General characteristics
- Type: Clipper
- Tonnage: 1,021
- Length: 180 ft (55 m)
- Beam: 36 ft (11 m)
- Draft: 21 ft 6 in (6.55 m)
- Propulsion: Sails

= Northern Light (clipper) =

American clipper ship

Northern Light was an American clipper ship. In 1853 it sailed from San Francisco, California to Boston, Massachusetts via Cape Horn with Captain Freeman Hatch at the helm in a record-setting 76 days, 6 hours. The record still stands for a single hull vessel. In 1993 the record was soundly broken by a multi-hull sailing vessel Great American II with no cargo.
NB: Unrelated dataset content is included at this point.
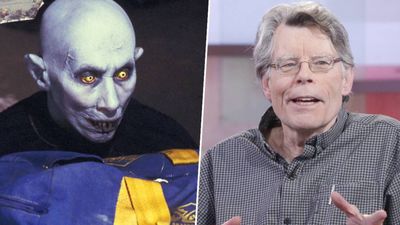 Stephen King says the new Salem’s Lot movie is full of "old-school horror filmmaking" and has no idea why Warner Bros. is holding it back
Sailing around Cape Horn (the southernmost tip of South America) is widely regarded as one of the most challenging routes in yachting, due to extreme weather, strong currents, and a historical reputation for mountainous seas and frequent severe storms.

== Construction ==
Northern Light was designed by Boston-based naval architect Samuel Hartt Pook and built by the Briggs Brothers in South Boston in 1851.
The ship was 1,021 tons register and it measured 180 ft long, 36 ft wide, and 21 ft 6 in deep.

== 1853 voyage ==
Northern Light left Boston for San Francisco on October 29, 1852, under the command of Captain Freeman Hatch of Eastham, Massachusetts. The return journey was part of a competition with another clipper, Contest, bound for New York.

Contest departed San Francisco for New York on March 12, 1853. Northern Light sailed for Boston the next day. After 38 days Northern Light came within sight of Contest off Cape Horn. Northern Light′s crew signalled and overtook their rival.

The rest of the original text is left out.